Berk " balo için sizi evden alırız" dedi. " Gerek yok ki kendimiz de gidebiliriz" dedim. Işıl " beni alabilirsiniz" dedi ve Alp e bakarak ekledi " en azından bir şeye yararlar"

Alp sırıtarak " alırım seni ben bir işe yararım dimi" dedi ışıl başını hevesle salladı. Alp ise gülümseyerek ışıl'ın saçının bir tutamını çekti.

İkisini gülümseyerek izledim. Ne kadar birbirlerine laf söyleseler de gizlicene birbirini izlediğini gördüm.

Masaya uzanan koluma bir ağırlık hissettim. Arda başını koluma koymuş gözlerini kapatmış duruyordu.

" Ne oldu?uykun mu var?" Dedim. Başını yavaşça salladı. Gülümsedim. Nedense mutluydum. Kavga yoktu, zorbalık yoktu. Normal insanlar gibi konuşup anlaşıyorduk.

Arda'nın yan profilini izlerken bir ses geldi. Başımı yana çevirdim. Murat'ı gördüm. Bana bakıyordu. Masadaki kere baktım. Berk ve Asel konuşuyordu. Işıl ve Alp birbirine laf atıyorlardı.

Geri Murat'a baktım. Orada yoktu derin bir nefes aldım. Yine bir olay olucak Zanettim.

Arda başını rahatsızca hareket etti. Berk" oğlum kalk başka yerde yat. Okulun kenarlarına boşboşuna mı dinlenme yeri koltuk falan yaptırdık" dedi.

Arda başını salladı ve elimi tutup kaldırıldı beni Alp " kızı neyere götürüyorsun lan" dedi. Arda "onunla uyuyacam" dedi ve beni götürdü.
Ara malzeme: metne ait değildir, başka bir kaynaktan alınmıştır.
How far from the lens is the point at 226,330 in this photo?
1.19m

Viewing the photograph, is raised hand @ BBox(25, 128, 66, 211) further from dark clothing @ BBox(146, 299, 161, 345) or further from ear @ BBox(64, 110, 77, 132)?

Kalbim yerinden çıkıcak gibiydi.
Okulun birden fazla dinleme odası vardı. Arda o odalara girmek yerine alt kata indi. Alt katın olduğunu yeni öğrenmiştim.

4 oda vardı kapıların önünde isim yazıyordu. 1. Kapı atlasındı 2. Kapı Alpindi 3. Kapı berkindi 4. Kapı ise Arda'nın dı.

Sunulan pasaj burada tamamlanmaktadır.